++++ DATA

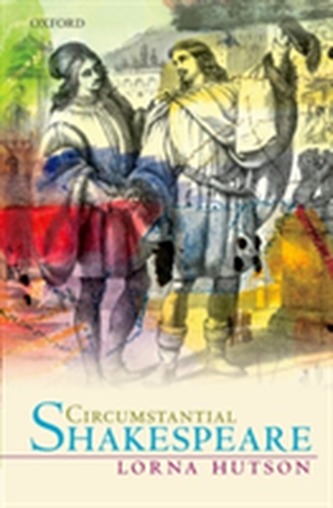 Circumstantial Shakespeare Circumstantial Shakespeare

++++++++
++++ DATA

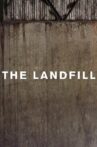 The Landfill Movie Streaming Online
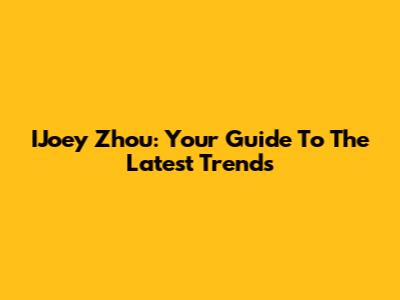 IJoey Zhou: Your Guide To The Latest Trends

++++++++

#### WHAT IS BEING ASKED:
In the entries above, find the line containing "The Landfill Movie Streaming Online" and the line containing "IJoey Zhou: Your Guide To The Latest Trends", then copy both and every line between them exactly, without any picture.

#### RESULT:
 The Landfill Movie Streaming Online
 IJoey Zhou: Your Guide To The Latest Trends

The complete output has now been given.